| Goal of the exercise |
Reprint the full listing exactly.

| Material provided |

************

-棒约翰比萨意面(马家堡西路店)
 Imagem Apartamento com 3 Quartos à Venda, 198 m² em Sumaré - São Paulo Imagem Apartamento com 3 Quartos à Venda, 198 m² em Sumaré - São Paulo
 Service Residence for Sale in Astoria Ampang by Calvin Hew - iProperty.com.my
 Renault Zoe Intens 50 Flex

************

| Written solution |
-棒约翰比萨意面(马家堡西路店)
 Imagem Apartamento com 3 Quartos à Venda, 198 m² em Sumaré - São Paulo Imagem Apartamento com 3 Quartos à Venda, 198 m² em Sumaré - São Paulo
 Service Residence for Sale in Astoria Ampang by Calvin Hew - iProperty.com.my
 Renault Zoe Intens 50 Flex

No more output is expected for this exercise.